Stundenverrechnungssätze in der fiktiven Schadensabrechnung

Verlangt der Geschädigte eine fiktive Schadensregulierung auf Gutachtenbasis, kommt es nicht selten zu Streitigkeiten mit der gegnerischen Versicherung über die Höhe der Stundenverrechnungssätze, die in dem Gutachten ausgewiesen sind.

Der Bundesgerichtshof hat hierzu im „Porsche-Urteil“ entschieden:

„Der Geschädigte, der fiktive Reparaturkosten abrechnet, darf der Schadensberechnung die Stundenverrechnungssätze einer markengebundenen Fachwerkstatt zugrunde legen.
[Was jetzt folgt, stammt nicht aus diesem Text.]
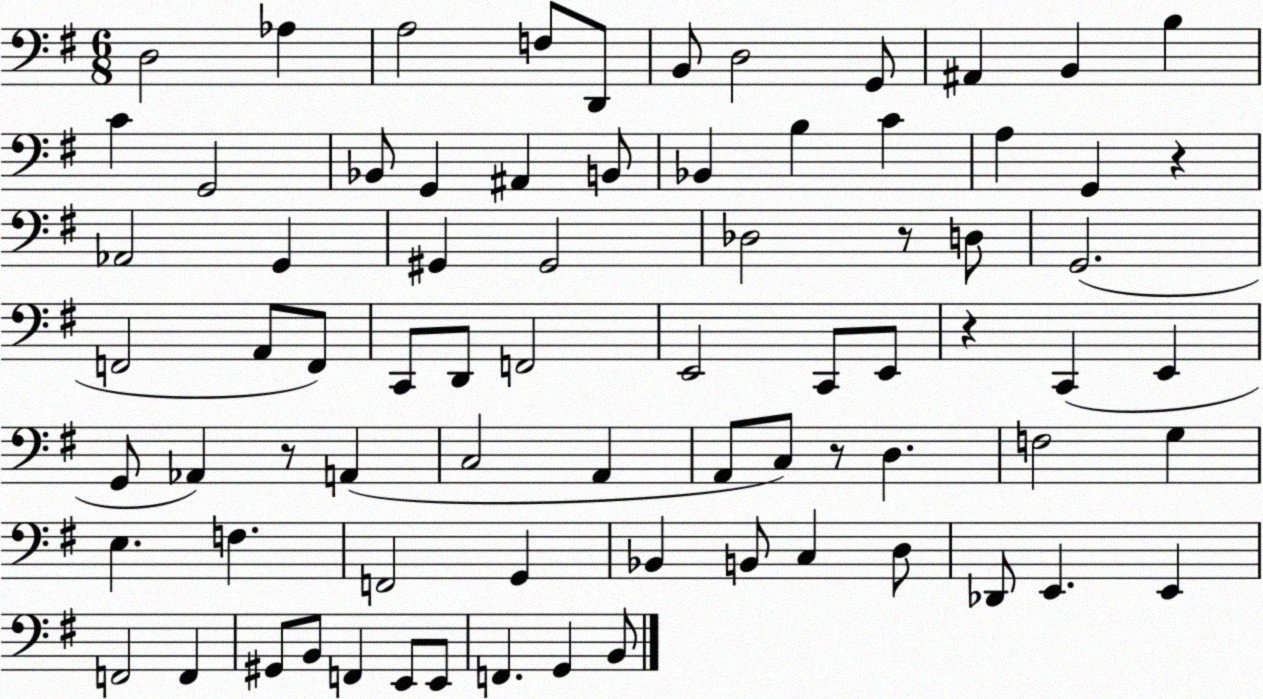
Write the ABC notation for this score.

X:1
T:Untitled
M:6/8
L:1/4
K:G
D,2 _A, A,2 F,/2 D,,/2 B,,/2 D,2 G,,/2 ^A,, B,, B, C G,,2 _B,,/2 G,, ^A,, B,,/2 _B,, B, C A, G,, z _A,,2 G,, ^G,, ^G,,2 _D,2 z/2 D,/2 G,,2 F,,2 A,,/2 F,,/2 C,,/2 D,,/2 F,,2 E,,2 C,,/2 E,,/2 z C,, E,, G,,/2 _A,, z/2 A,, C,2 A,, A,,/2 C,/2 z/2 D, F,2 G, E, F, F,,2 G,, _B,, B,,/2 C, D,/2 _D,,/2 E,, E,, F,,2 F,, ^G,,/2 B,,/2 F,, E,,/2 E,,/2 F,, G,, B,,/2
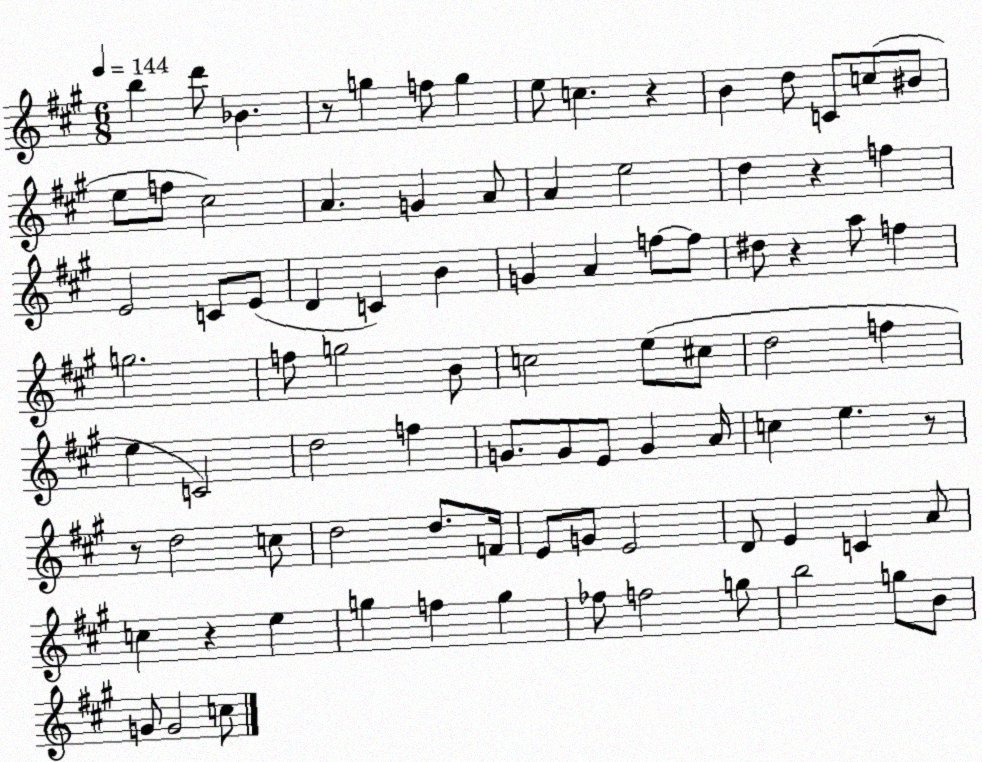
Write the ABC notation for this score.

X:1
T:Untitled
M:6/8
L:1/4
K:A
b d'/2 _B z/2 g f/2 g e/2 c z B d/2 C/2 c/2 ^B/2 e/2 f/2 ^c2 A G A/2 A e2 d z f E2 C/2 E/2 D C B G A f/2 f/2 ^d/2 z a/2 f g2 f/2 g2 B/2 c2 e/2 ^c/2 d2 f e C2 d2 f G/2 G/2 E/2 G A/4 c e z/2 z/2 d2 c/2 d2 d/2 F/4 E/2 G/2 E2 D/2 E C A/2 c z e g f g _f/2 f2 g/2 b2 g/2 B/2 G/2 G2 c/2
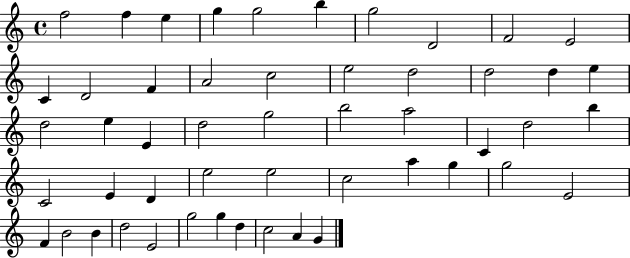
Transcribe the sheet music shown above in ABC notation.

X:1
T:Untitled
M:4/4
L:1/4
K:C
f2 f e g g2 b g2 D2 F2 E2 C D2 F A2 c2 e2 d2 d2 d e d2 e E d2 g2 b2 a2 C d2 b C2 E D e2 e2 c2 a g g2 E2 F B2 B d2 E2 g2 g d c2 A G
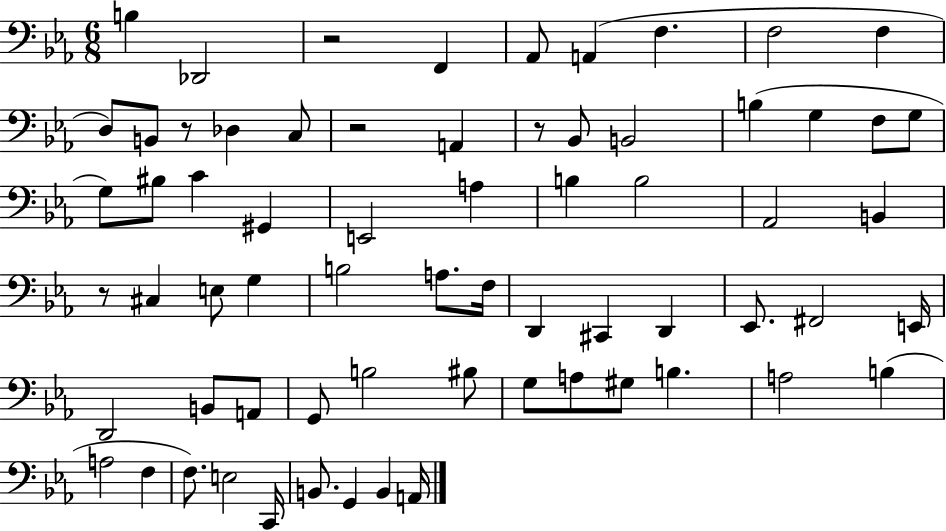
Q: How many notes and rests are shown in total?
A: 67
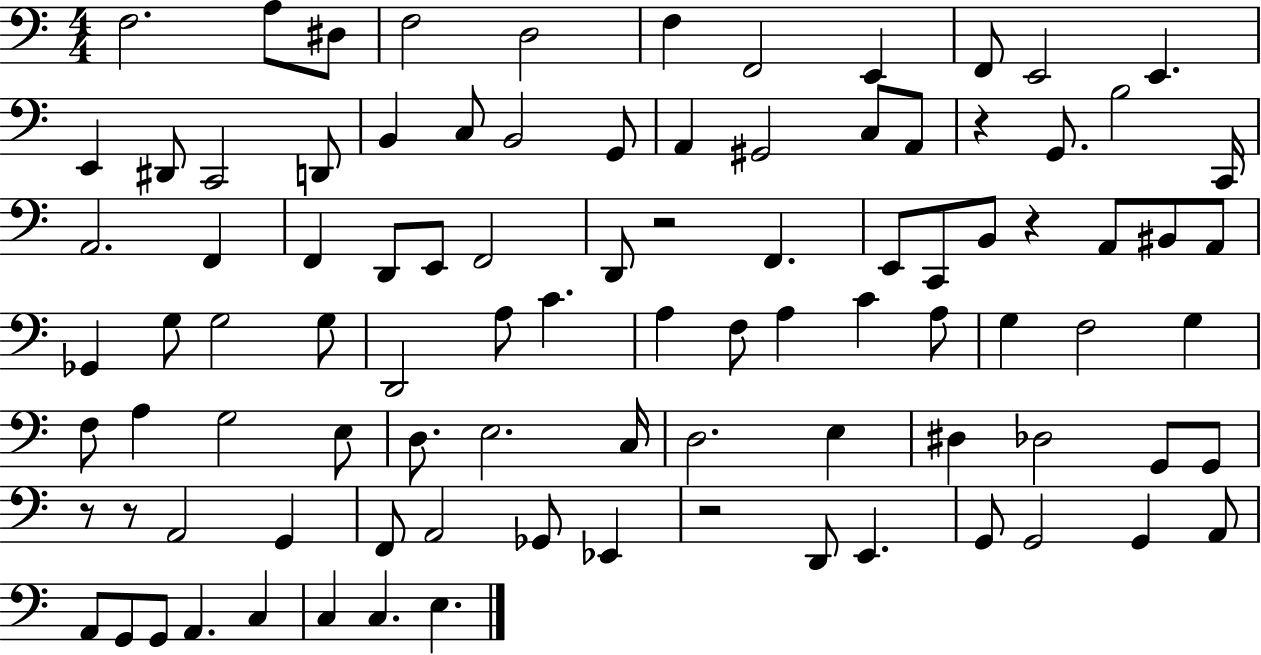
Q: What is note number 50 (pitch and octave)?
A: A3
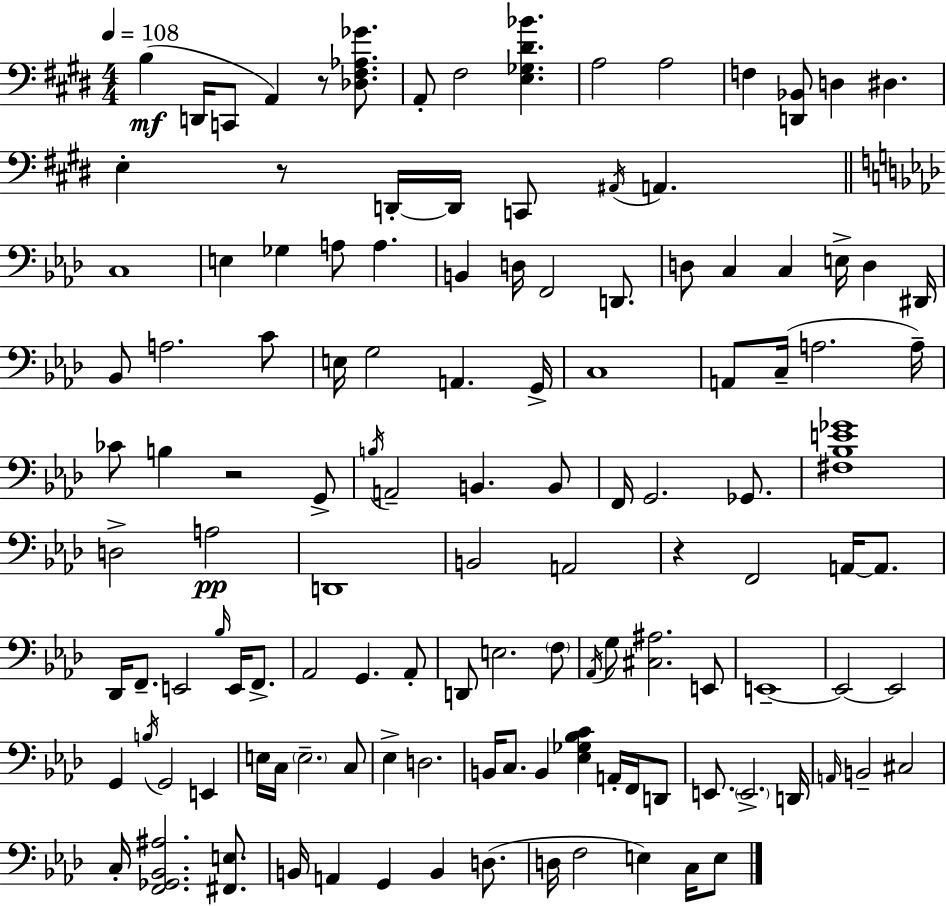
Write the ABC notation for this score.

X:1
T:Untitled
M:4/4
L:1/4
K:E
B, D,,/4 C,,/2 A,, z/2 [_D,^F,_A,_G]/2 A,,/2 ^F,2 [E,_G,^D_B] A,2 A,2 F, [D,,_B,,]/2 D, ^D, E, z/2 D,,/4 D,,/4 C,,/2 ^A,,/4 A,, C,4 E, _G, A,/2 A, B,, D,/4 F,,2 D,,/2 D,/2 C, C, E,/4 D, ^D,,/4 _B,,/2 A,2 C/2 E,/4 G,2 A,, G,,/4 C,4 A,,/2 C,/4 A,2 A,/4 _C/2 B, z2 G,,/2 B,/4 A,,2 B,, B,,/2 F,,/4 G,,2 _G,,/2 [^F,_B,E_G]4 D,2 A,2 D,,4 B,,2 A,,2 z F,,2 A,,/4 A,,/2 _D,,/4 F,,/2 E,,2 _B,/4 E,,/4 F,,/2 _A,,2 G,, _A,,/2 D,,/2 E,2 F,/2 _A,,/4 G,/2 [^C,^A,]2 E,,/2 E,,4 E,,2 E,,2 G,, B,/4 G,,2 E,, E,/4 C,/4 E,2 C,/2 _E, D,2 B,,/4 C,/2 B,, [_E,_G,_B,C] A,,/4 F,,/4 D,,/2 E,,/2 E,,2 D,,/4 A,,/4 B,,2 ^C,2 C,/4 [F,,_G,,_B,,^A,]2 [^F,,E,]/2 B,,/4 A,, G,, B,, D,/2 D,/4 F,2 E, C,/4 E,/2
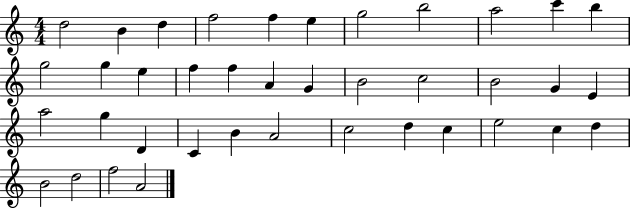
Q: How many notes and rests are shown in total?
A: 39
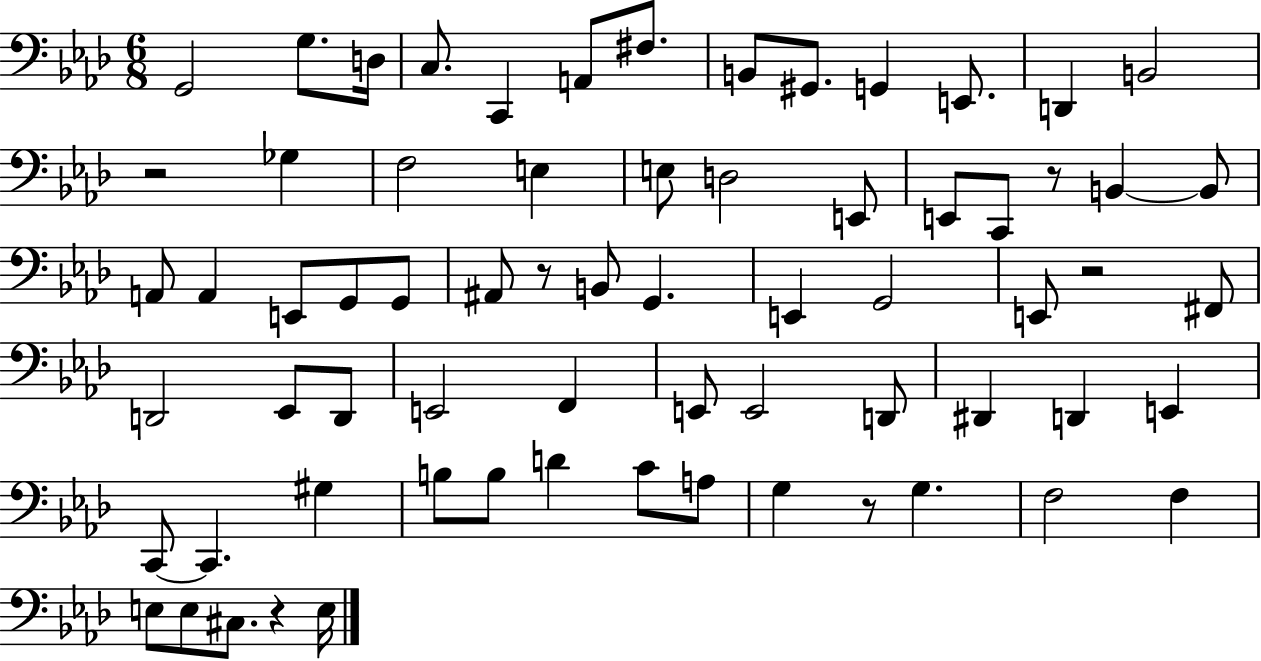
X:1
T:Untitled
M:6/8
L:1/4
K:Ab
G,,2 G,/2 D,/4 C,/2 C,, A,,/2 ^F,/2 B,,/2 ^G,,/2 G,, E,,/2 D,, B,,2 z2 _G, F,2 E, E,/2 D,2 E,,/2 E,,/2 C,,/2 z/2 B,, B,,/2 A,,/2 A,, E,,/2 G,,/2 G,,/2 ^A,,/2 z/2 B,,/2 G,, E,, G,,2 E,,/2 z2 ^F,,/2 D,,2 _E,,/2 D,,/2 E,,2 F,, E,,/2 E,,2 D,,/2 ^D,, D,, E,, C,,/2 C,, ^G, B,/2 B,/2 D C/2 A,/2 G, z/2 G, F,2 F, E,/2 E,/2 ^C,/2 z E,/4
Der abstrakte Mittelwert der Stundenverrechnungssätze aller repräsentativen Marken- und freien Fachwerkstätten einer Region repräsentiert als statistisch ermittelte Rechengröße nicht den zur Wiederherstellung erforderlichen Betrag.“

(BGH, Urteil vom 29. April 2003 – VI ZR 398/02)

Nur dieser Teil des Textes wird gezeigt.